Un demi-siècle après Taxi Driver, la voiture Uber de Ralphie s’est substituée à la carrosserie jaune de Travis Bickle et les belles mélopées de Bernard Herrmann ont cédé le pas au vrombissement strident de cordes tout droit sorties d’un film d’horreur. Mais l’obsession du protagoniste est restée la même : nettoyer les rues de New York de leurs innombrables turpitudes. La présence, autour de Ralphie, d’un père Noël exhibitionniste et de plusieurs personnages affichant ouvertement leur homosexualité n’a rien d’anodin. Les ressorts psychologiques plus que douteux par lesquels Trengove choisit d’expliquer la violence du jeune homme nous sont bientôt révélés : une homosexualité trop longtemps refoulée et une lointaine journée de Noël gâchée par un père déserteur. L’inquiétante étrangeté sécrétée par des effets de mise en scène aussi limités que répétitifs (lents travellings, coupes franches et musique menaçante) ne parvient jamais à transcender une écriture prévisible – au début du film, Ralphie découvre une arme cachée dans le tiroir du bureau de Dan, arme dont il finira bien entendu par s’emparer pour semer la terreur dans un dernier acte particulièrement poussif.

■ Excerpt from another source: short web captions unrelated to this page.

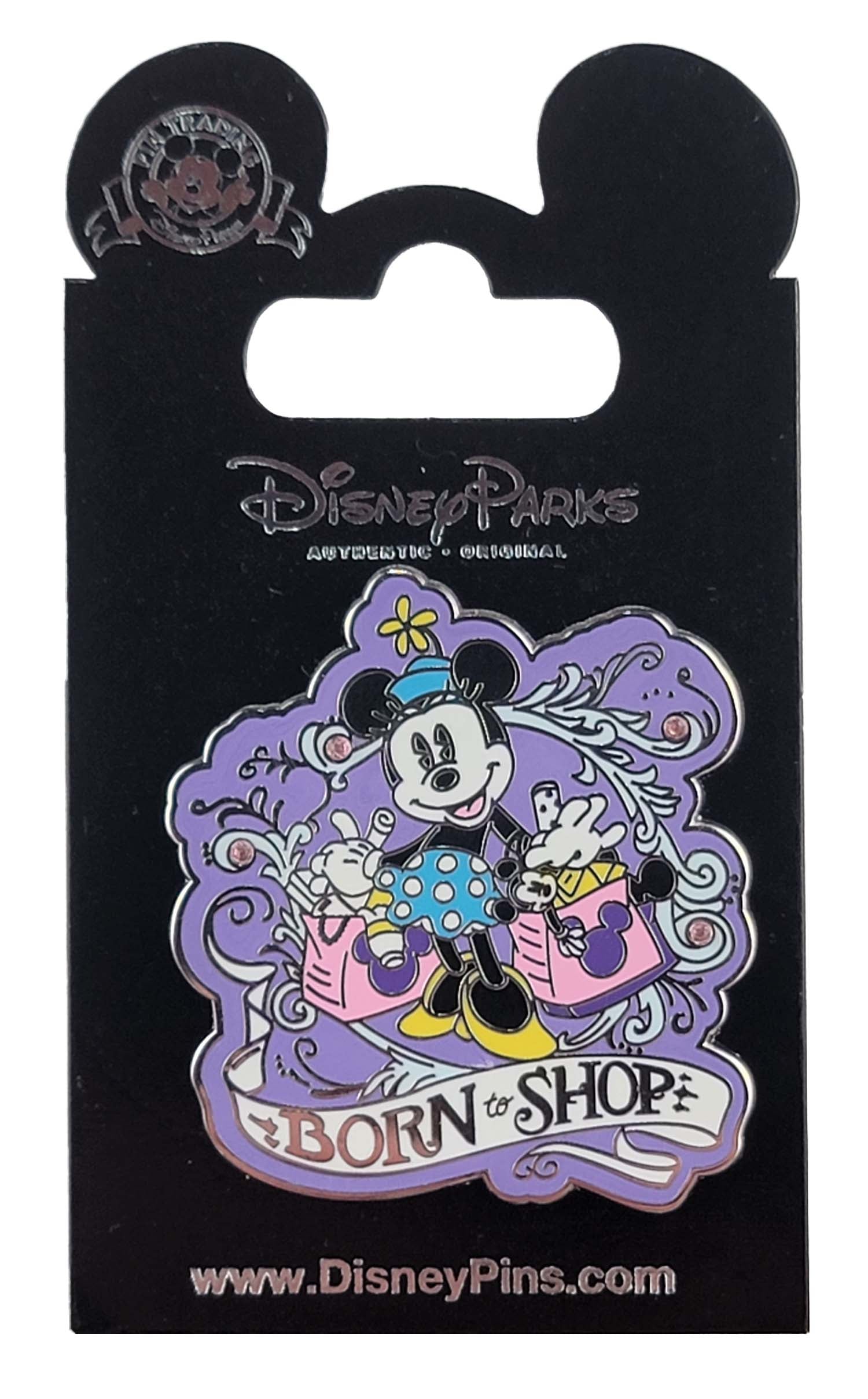 Disney Pin - Minnie Mouse - Born to Shop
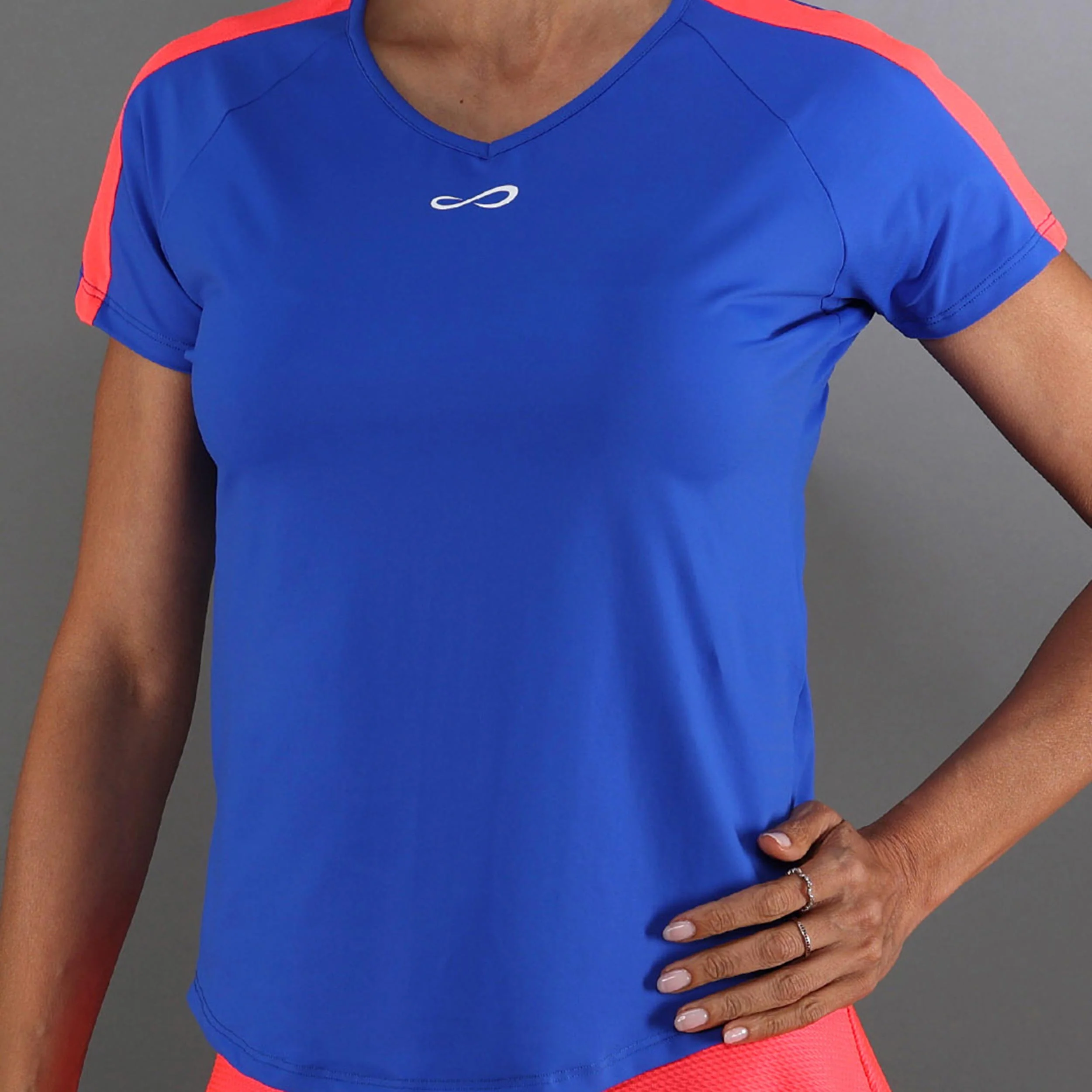 Camiseta de manga corta Mujeres-azul - Image 3
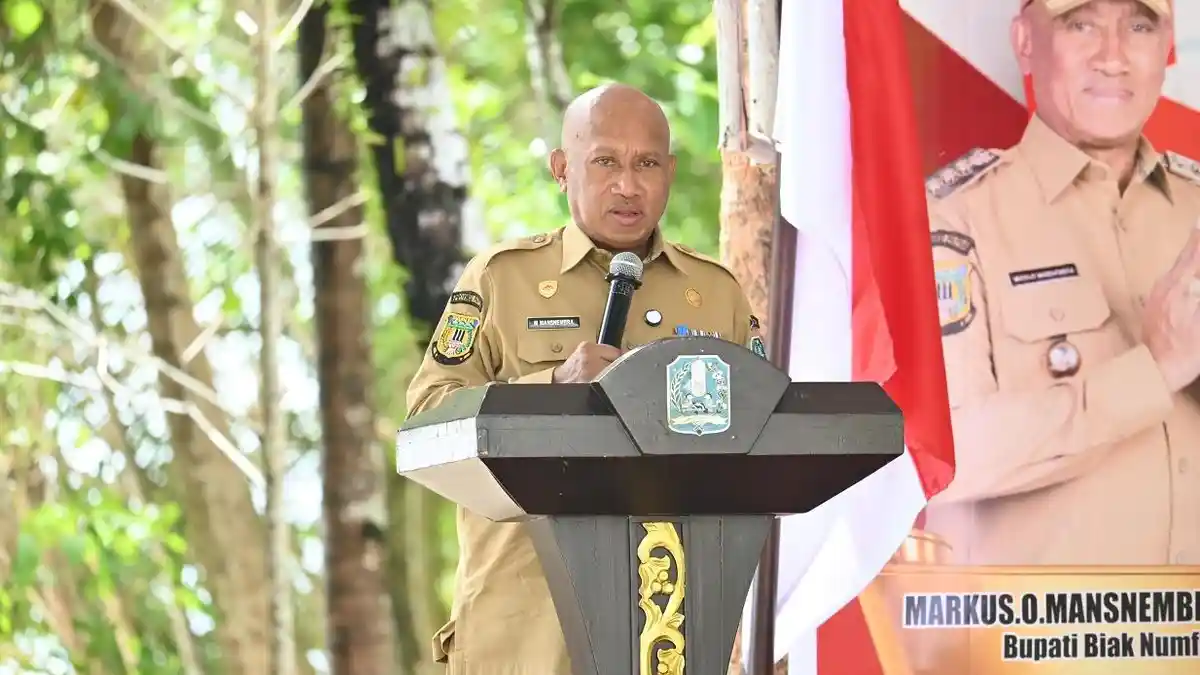 Bupati Biak Sukses Eksekusi Program Prioritas Pro Rakyat Walau Minim Anggaran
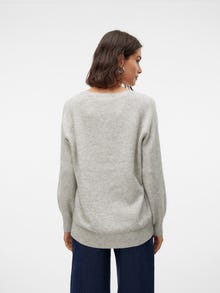 Vero Moda VMLEAF Neulepuserot -Light Grey Melange - 10309434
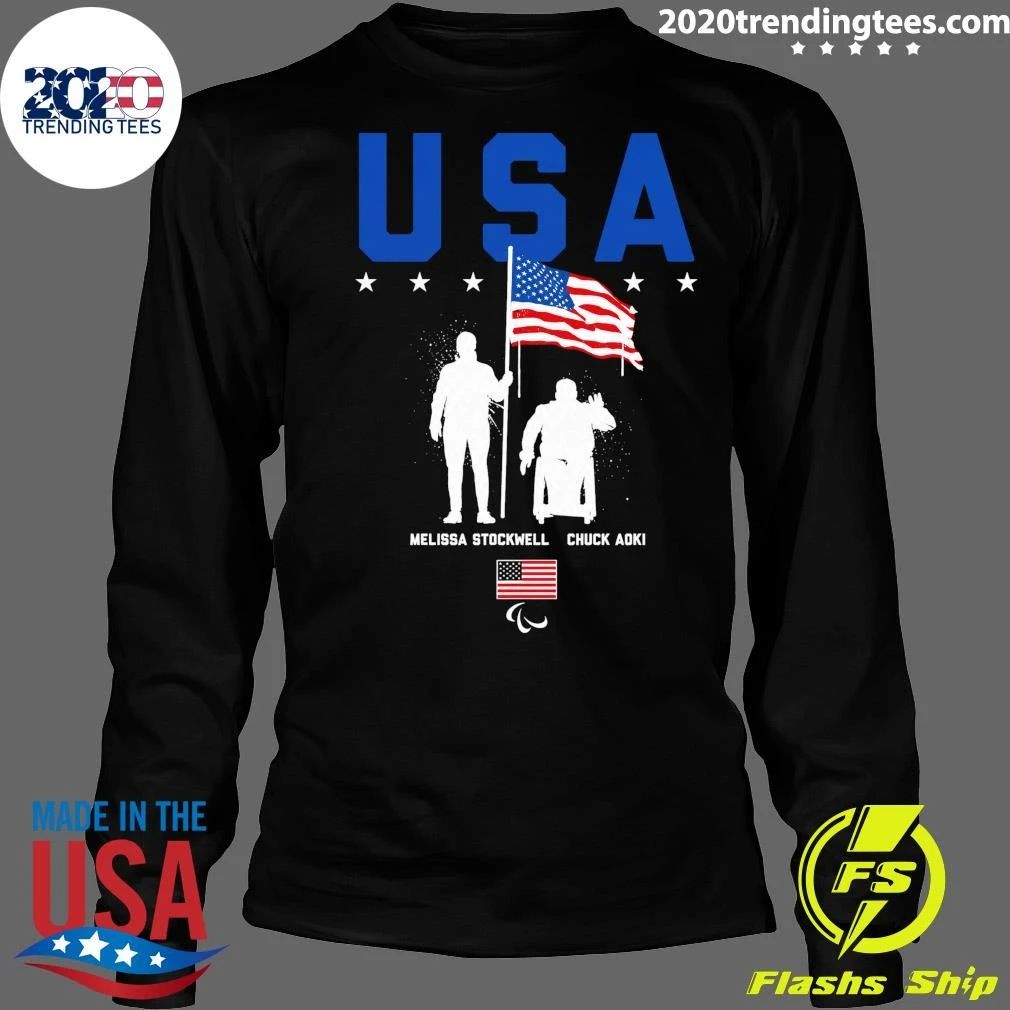 Team USA Melissa Stockwell and Chuck Aoki Flag Bearers Shirt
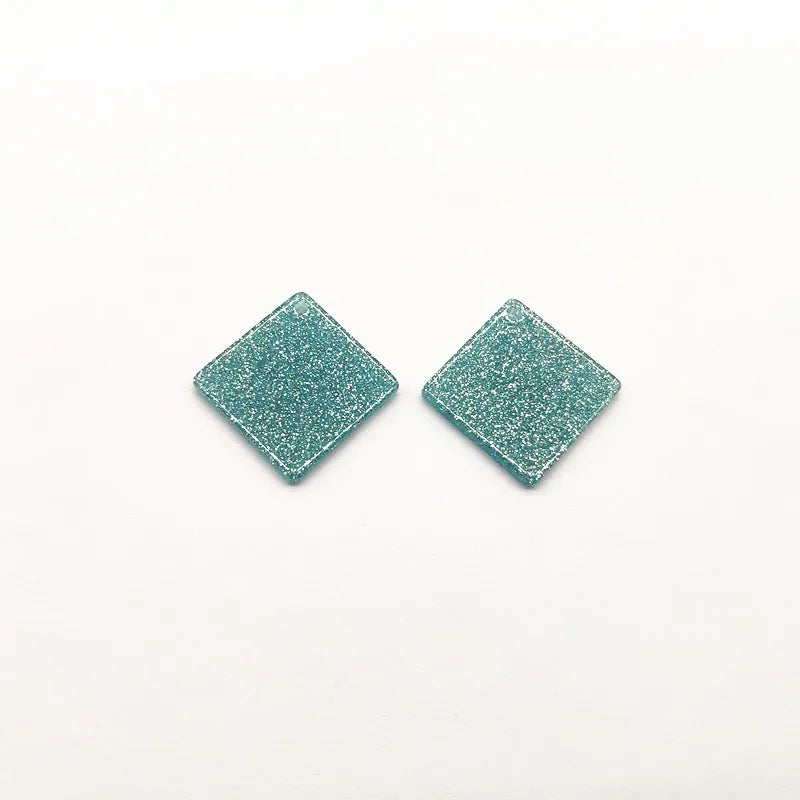 27mm 100pcs Rhombus Charm Earring Accessories Jewelry Findings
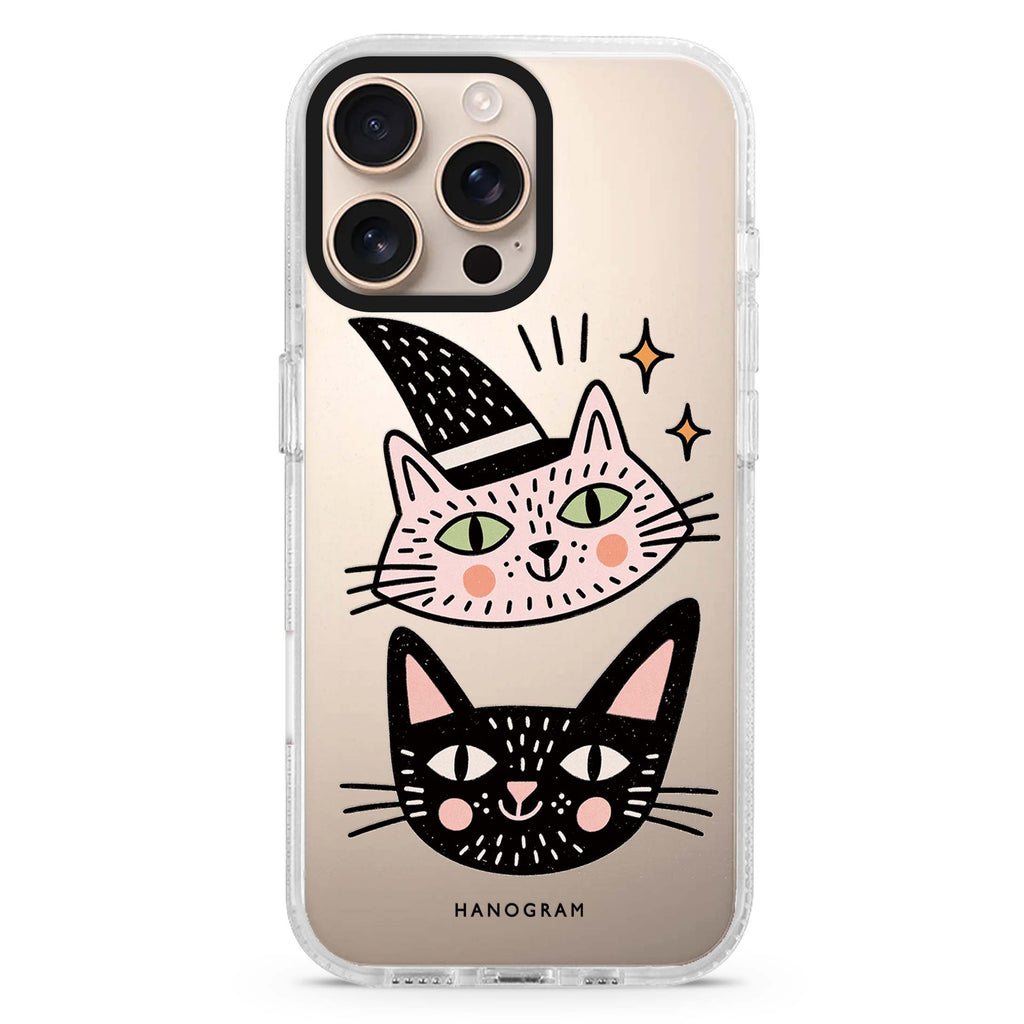 Two Cats One Spell 水晶透明保護殼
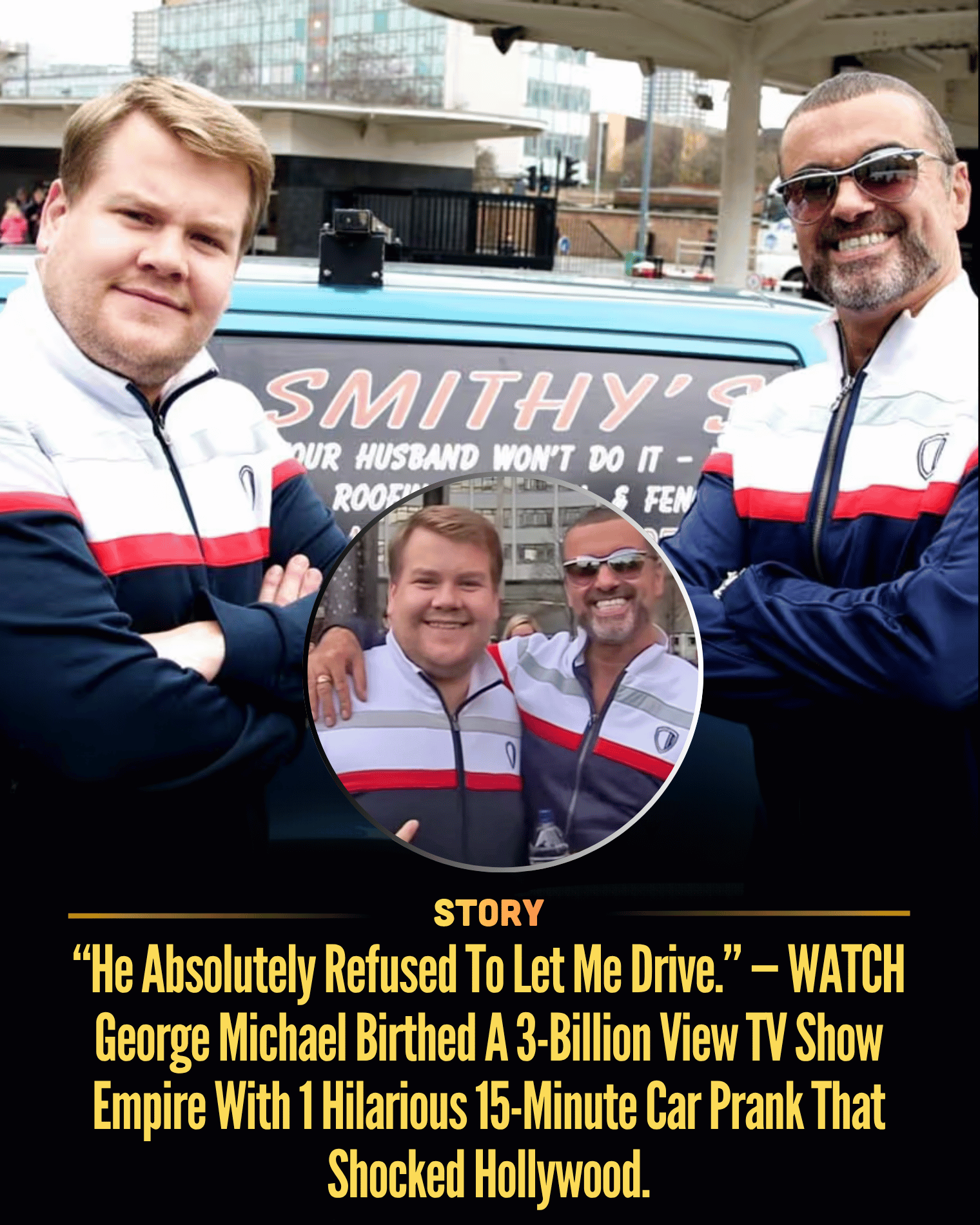 “He Absolutely Refused To Let Me Drive.” — WATCH George Michael Birthed A 3-Billion View TV Show Empire With 1 Hilarious 15-Minute Car Prank That Shocked Hollywood.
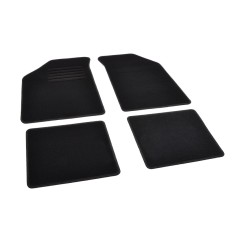 Πατάκια δαπέδου μοκέτας Standard μαύρα συμβατά για Volkswagen Golf II 4τμχ.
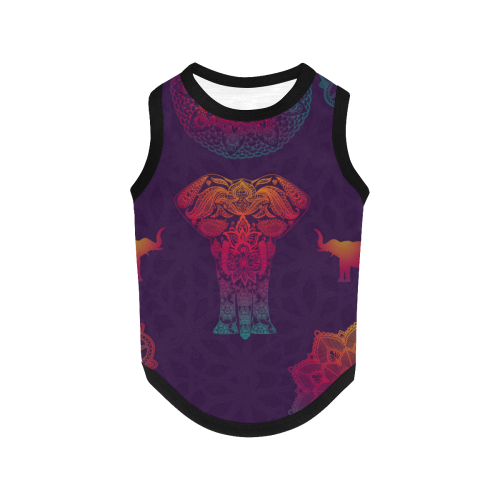 Colorful Elephant Mandala All Over Print Pet Tank Top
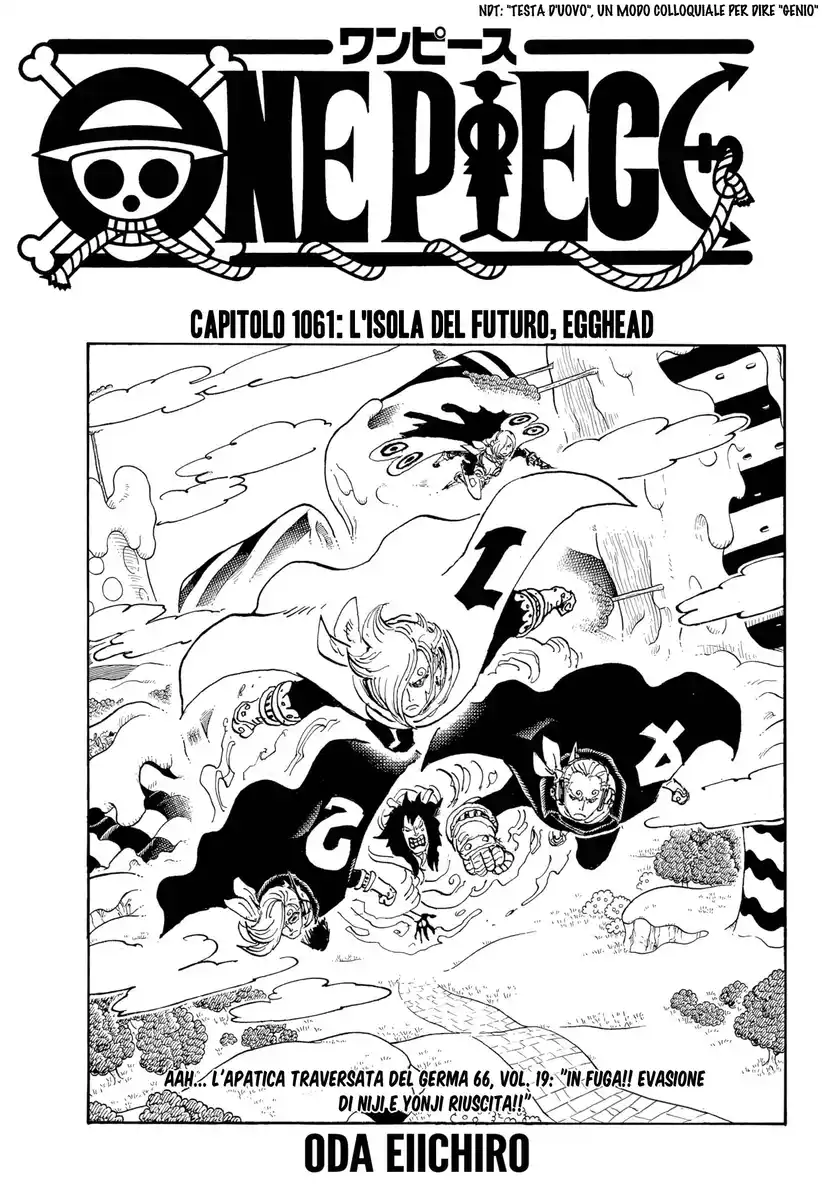 One Piece Capitolo 1061 page 2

Seules quelques images fugaces retiennent l’attention, lorsque la mécanique bien huilée de la descente aux enfers laisse brièvement une place à l’imagination. Le contraste entre la rousseur surréaliste des cheveux de Ralphie et le froid bleuté de l’hiver new-yorkais séduit par exemple davantage que le contre-emploi tape-à-l’œil d’Eisenberg, tout en muscles et en rage contenue. Plutôt que le climax final, avec ses sirènes de police et ses coups de feu, on retiendra les quelques plans qui précèdent l’éclatement de la violence : son bébé dans les bras, Ralphie fait irruption dans l’immense bâtisse de Dan, où les membres du culte de « Manodrome » interrompent leur paisible collation pour l’accueillir avec une politesse doucereuse. Dans ce bref instant de flottement (qui n’est pas sans rappeler la fin glaçante de Rosemary’s Baby), John Trengove abandonne enfin les registres relativement interchangeables de la fascination et de la répulsion pour laisser filtrer une émotion à la fois plus complexe et plus puissante : le trouble.